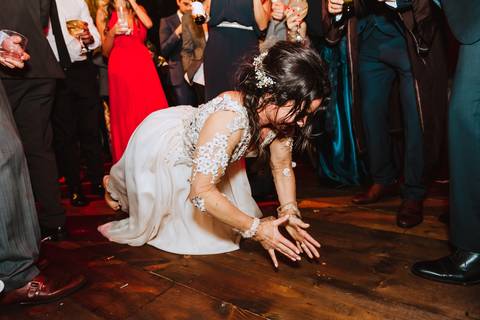 novia en el piso haciendo flexiones de brazos novia ideal esposa diferente esposos increibles las mejores fotos de bodas fotografa de bodas'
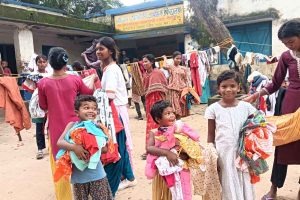 দু’টাকায় পুজোর জামা, ১০ টাকার ডিটারজেন্ট ফ্রি! দুস্থ খুদেদের মুখে হাসি ফোটাচ্ছেন বীরভূমের মাস্টারমশাই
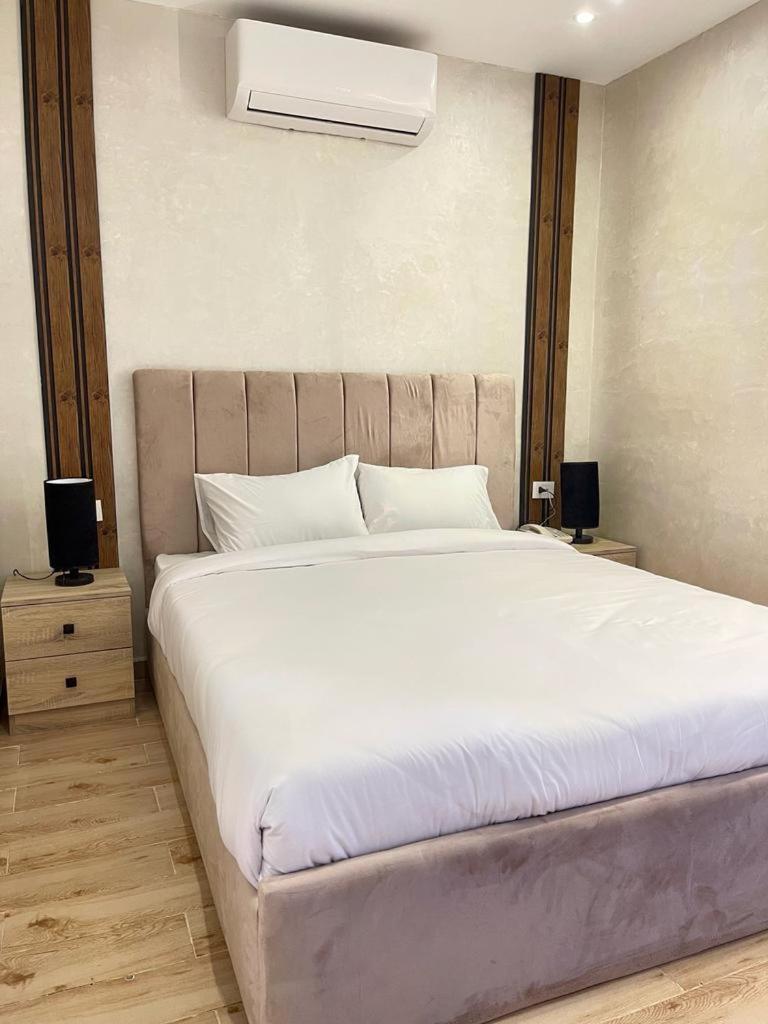 Cleopatra Pyramids View Hotel Kafret el-Gabal Room photo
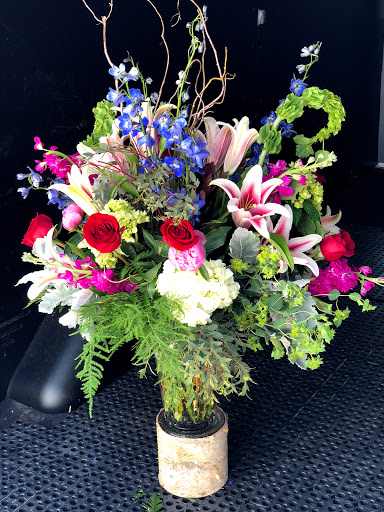 Florist «Kikilis Florist», reviews and photos, 417 S Pinellas Ave, Tarpon Springs, FL 34689, USA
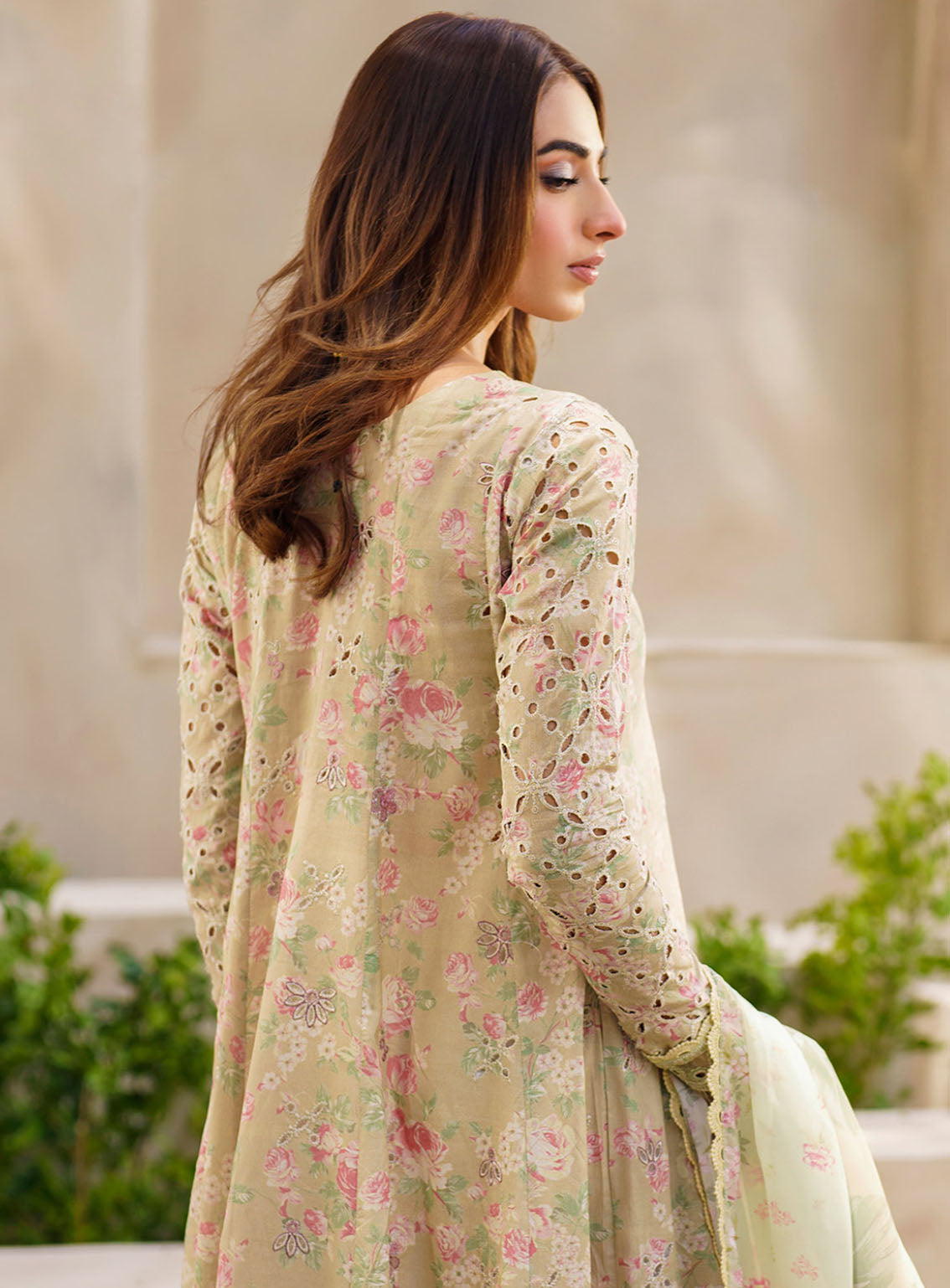 Iznik Embroidered Lawn Suits Unstitched 3 Piece - IZ24FL SFL-05 RADIANCE Iznik Embroidered Lawn Suits Unstitched 3 Piece - IZ24FL SFL-05 RADIANCE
━━━━━━
Exercise:
Could you write out, word for word, the lines from the one containing "FL 34689, USA" through the last line of the records, leaving out the pictures?

Solution to the exercise:
 Florist «Kikilis Florist», reviews and photos, 417 S Pinellas Ave, Tarpon Springs, FL 34689, USA
 Iznik Embroidered Lawn Suits Unstitched 3 Piece - IZ24FL SFL-05 RADIANCE Iznik Embroidered Lawn Suits Unstitched 3 Piece - IZ24FL SFL-05 RADIANCE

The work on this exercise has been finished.